▶ _SUPPLIED MATERIAL_
%%

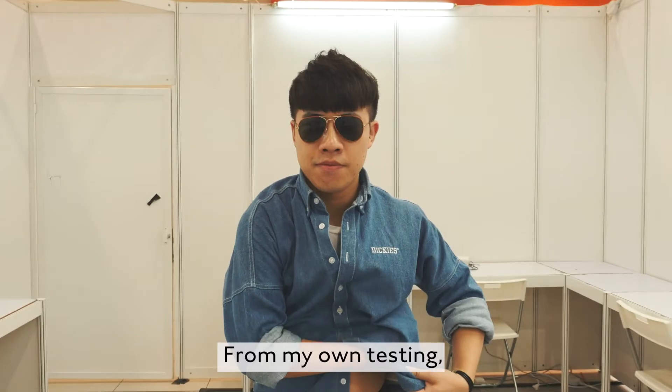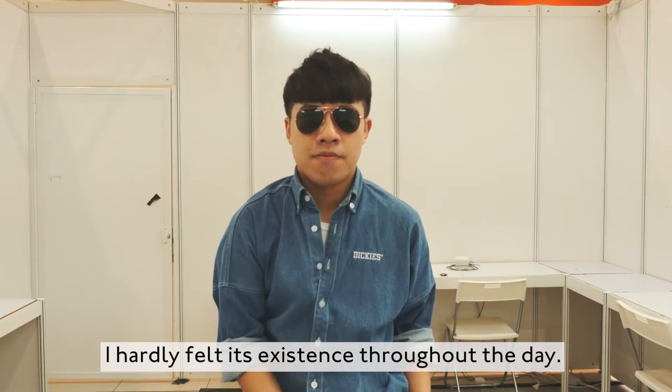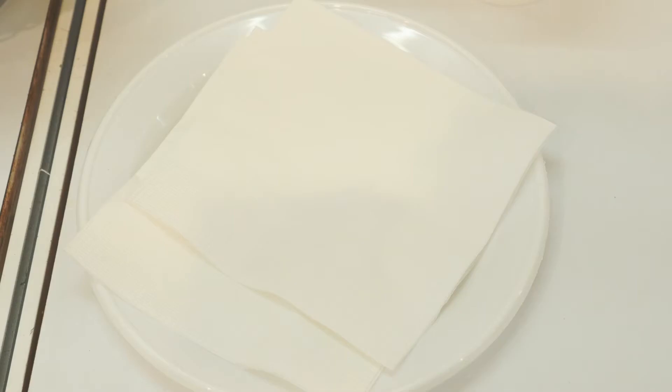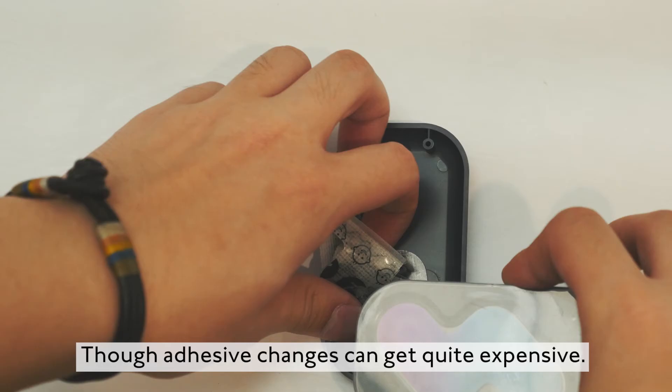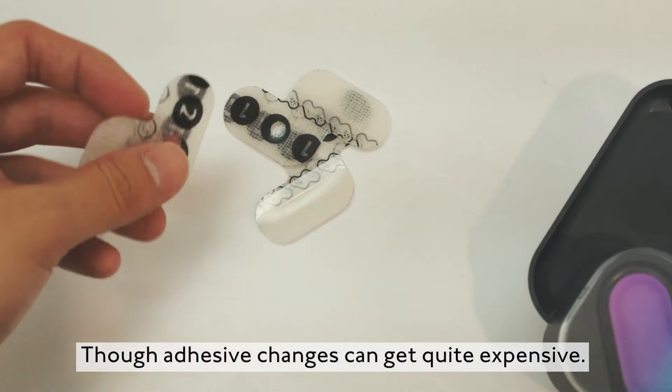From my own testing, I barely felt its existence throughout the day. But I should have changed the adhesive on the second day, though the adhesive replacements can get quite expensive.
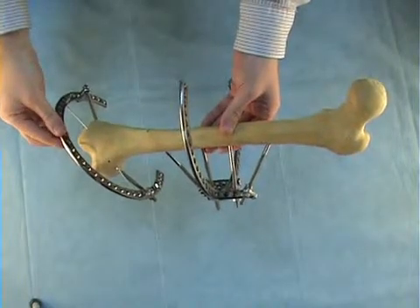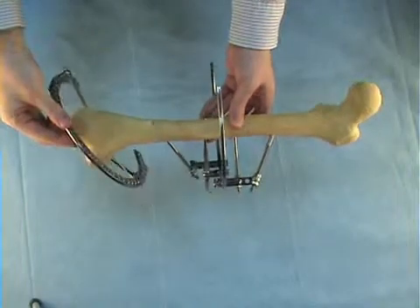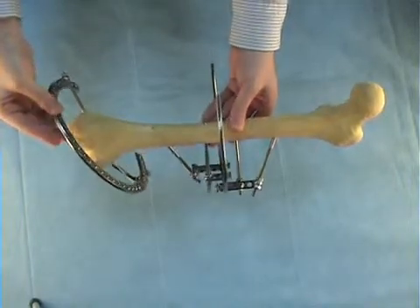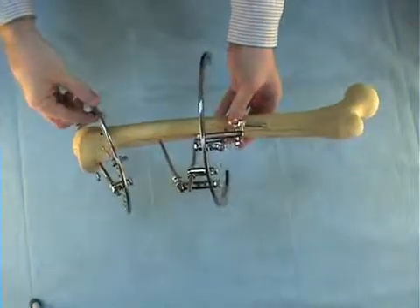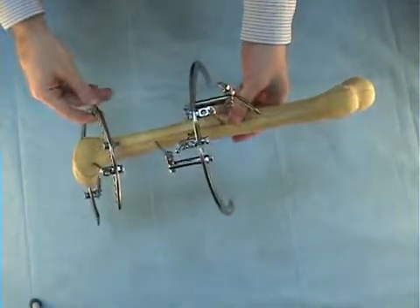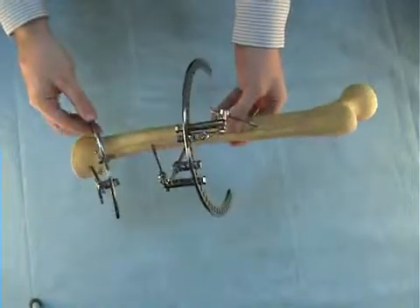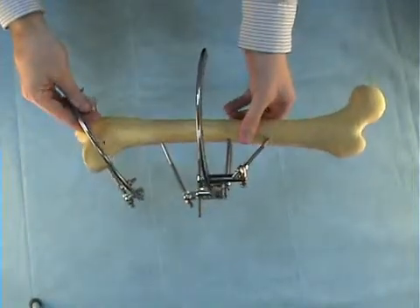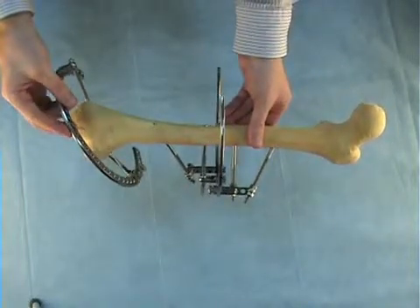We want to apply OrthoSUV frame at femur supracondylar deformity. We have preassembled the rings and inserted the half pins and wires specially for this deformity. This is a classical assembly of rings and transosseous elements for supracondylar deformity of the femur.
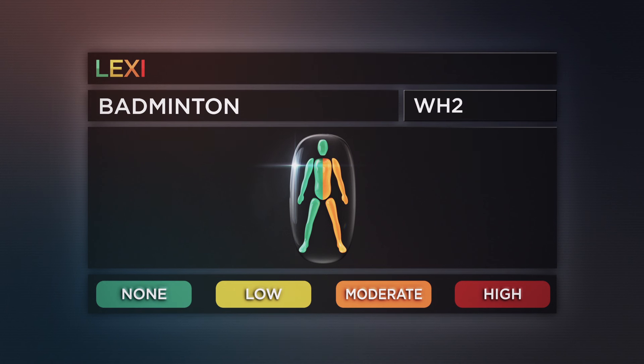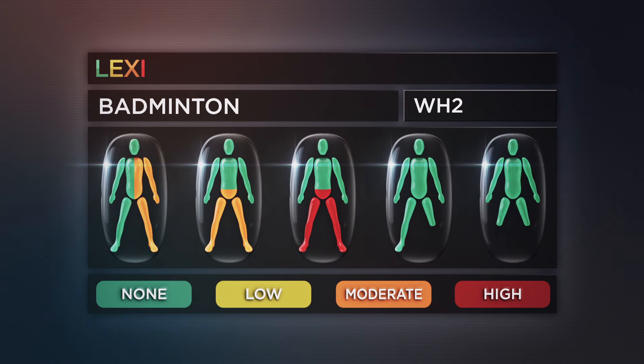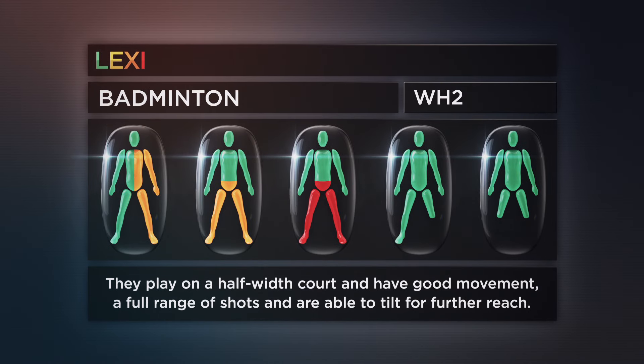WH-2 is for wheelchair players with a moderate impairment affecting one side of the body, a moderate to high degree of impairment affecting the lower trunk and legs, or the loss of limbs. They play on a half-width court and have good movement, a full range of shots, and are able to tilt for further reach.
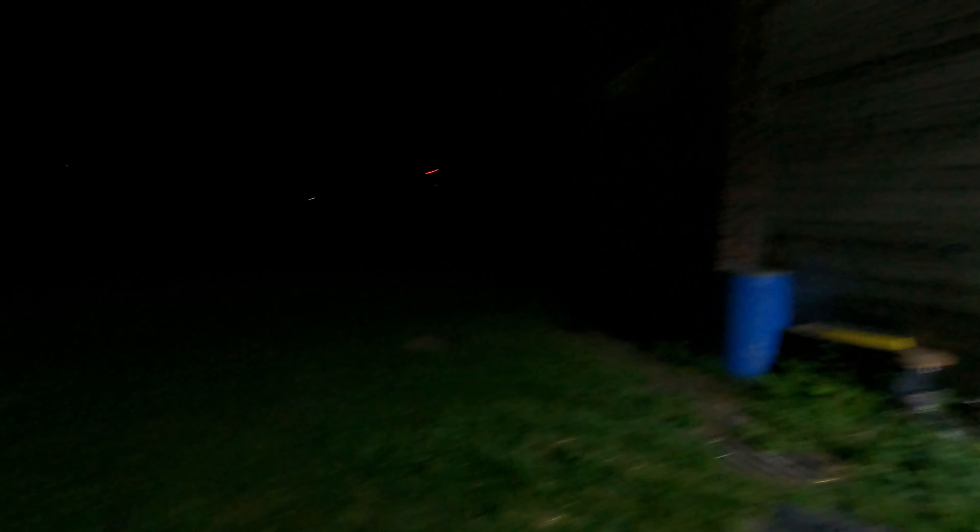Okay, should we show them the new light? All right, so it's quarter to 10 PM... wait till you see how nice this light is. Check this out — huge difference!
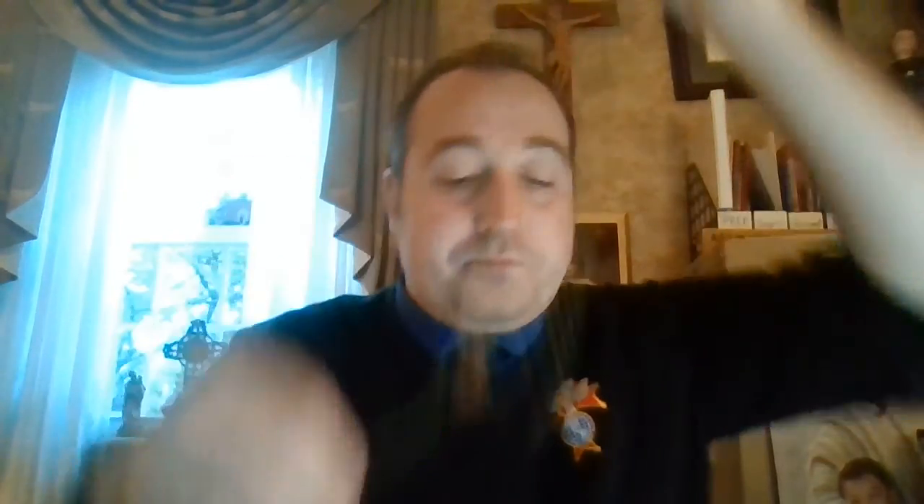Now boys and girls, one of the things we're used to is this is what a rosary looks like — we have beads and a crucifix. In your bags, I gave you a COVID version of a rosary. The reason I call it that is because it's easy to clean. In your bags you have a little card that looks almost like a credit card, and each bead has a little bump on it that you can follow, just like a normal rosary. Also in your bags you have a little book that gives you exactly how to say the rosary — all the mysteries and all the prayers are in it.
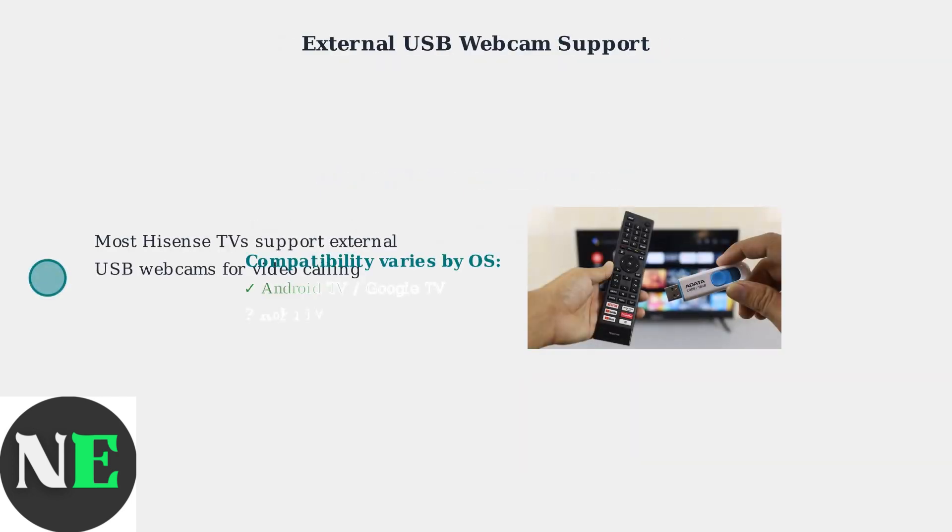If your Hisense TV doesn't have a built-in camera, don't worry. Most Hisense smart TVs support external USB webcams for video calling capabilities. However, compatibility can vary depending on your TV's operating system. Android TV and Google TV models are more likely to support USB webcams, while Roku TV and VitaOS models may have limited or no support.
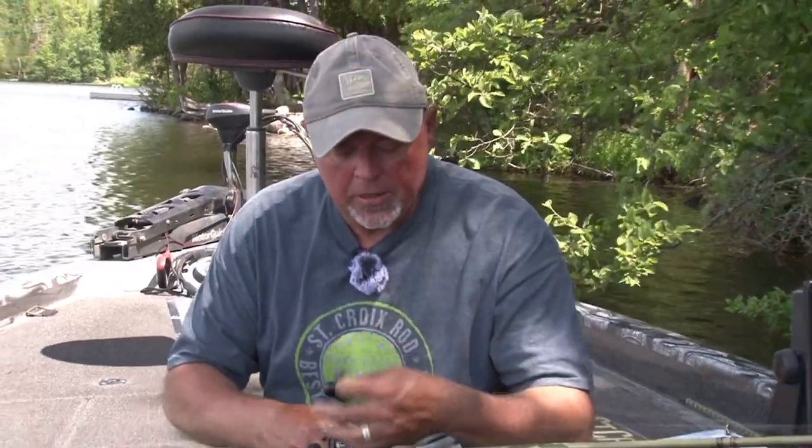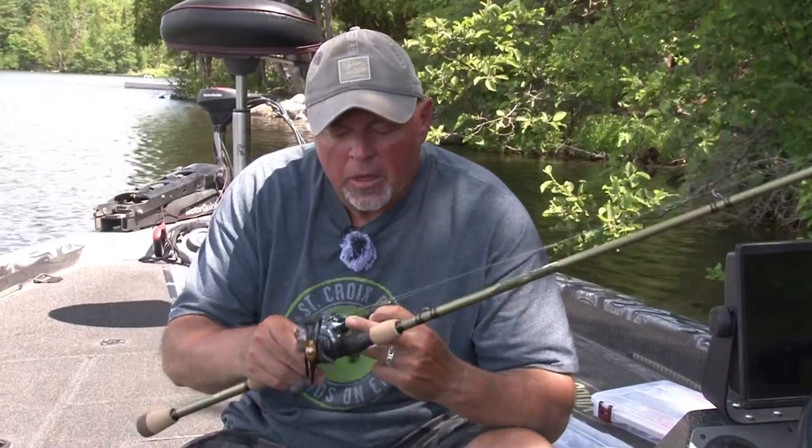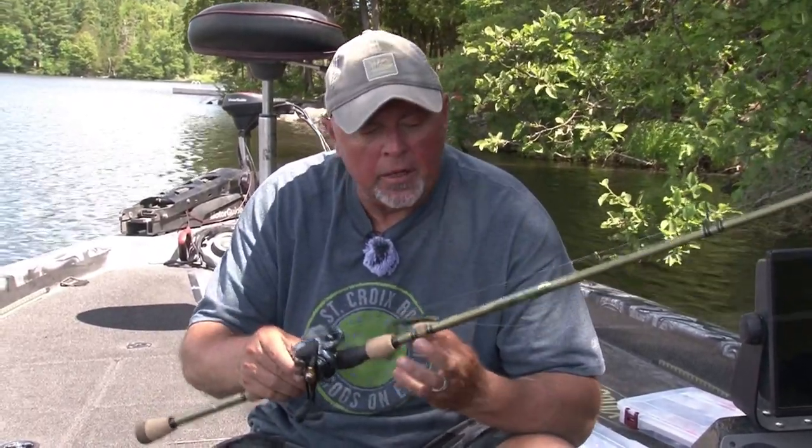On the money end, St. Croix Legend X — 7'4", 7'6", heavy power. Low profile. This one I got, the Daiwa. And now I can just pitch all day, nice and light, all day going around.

%%

▶ _TASK DIRECTIONS_
Write out each entry again exactly, and skip the pictures.

▶ _SOLUTION_
From my own testing, I barely felt its existence throughout the day. But I should have changed the adhesive on the second day, though the adhesive replacements can get quite expensive.
We want to apply OrthoSUV frame at femur supracondylar deformity. We have preassembled the rings and inserted the half pins and wires specially for this deformity. This is a classical assembly of rings and transosseous elements for supracondylar deformity of the femur.
WH-2 is for wheelchair players with a moderate impairment affecting one side of the body, a moderate to high degree of impairment affecting the lower trunk and legs, or the loss of limbs. They play on a half-width court and have good movement, a full range of shots, and are able to tilt for further reach.
Okay, should we show them the new light? All right, so it's quarter to 10 PM... wait till you see how nice this light is. Check this out — huge difference!
Now boys and girls, one of the things we're used to is this is what a rosary looks like — we have beads and a crucifix. In your bags, I gave you a COVID version of a rosary. The reason I call it that is because it's easy to clean. In your bags you have a little card that looks almost like a credit card, and each bead has a little bump on it that you can follow, just like a normal rosary. Also in your bags you have a little book that gives you exactly how to say the rosary — all the mysteries and all the prayers are in it.
If your Hisense TV doesn't have a built-in camera, don't worry. Most Hisense smart TVs support external USB webcams for video calling capabilities. However, compatibility can vary depending on your TV's operating system. Android TV and Google TV models are more likely to support USB webcams, while Roku TV and VitaOS models may have limited or no support.
On the money end, St. Croix Legend X — 7'4", 7'6", heavy power. Low profile. This one I got, the Daiwa. And now I can just pitch all day, nice and light, all day going around.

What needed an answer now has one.